● ABOUT THIS TASK: Your copy of the data below must be exact and must leave out all pictures.

● STORED DATA:
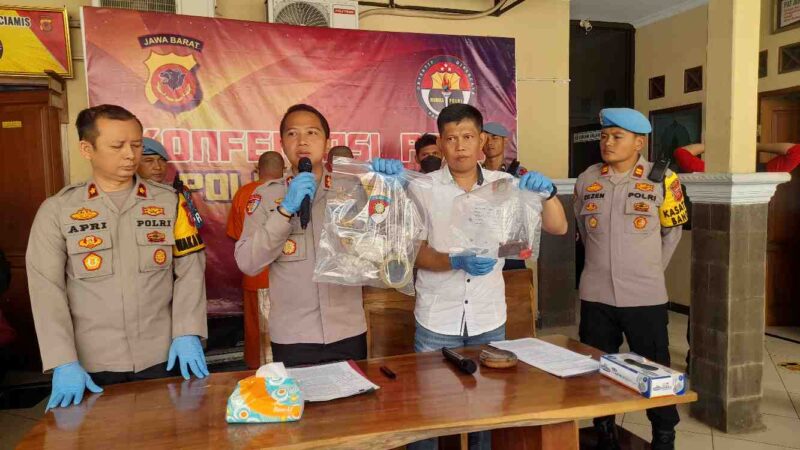 Pengungkapan kasus pencurian dengan kekerasan oleh Polres Ciamis.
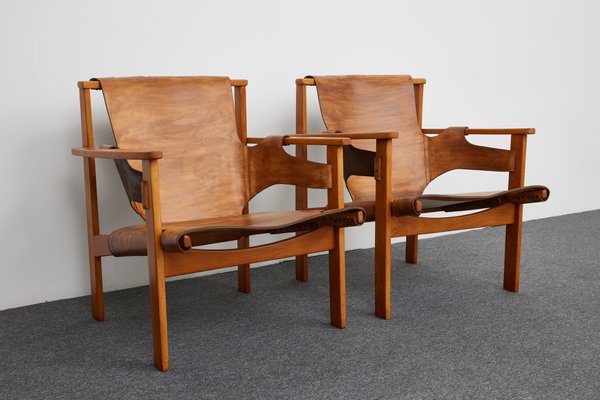 Mid-Century Safari Armchairs Model Trienna by Carl-Axel Acking for Nordiska Kompaniet, 1960s, Set of 2-XCG-1918403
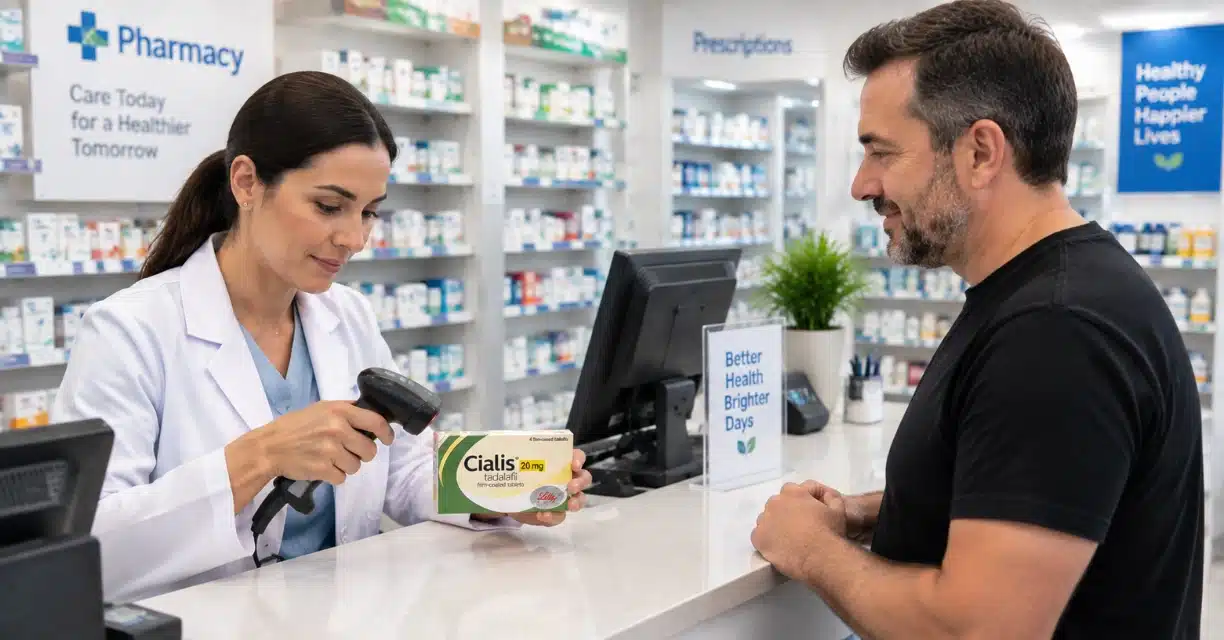 Pharmacist scanning Cialis 20 mg medicine box for customer in New York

● OUTPUT OF THE EXERCISE:
 Pengungkapan kasus pencurian dengan kekerasan oleh Polres Ciamis.
 Mid-Century Safari Armchairs Model Trienna by Carl-Axel Acking for Nordiska Kompaniet, 1960s, Set of 2-XCG-1918403
 Pharmacist scanning Cialis 20 mg medicine box for customer in New York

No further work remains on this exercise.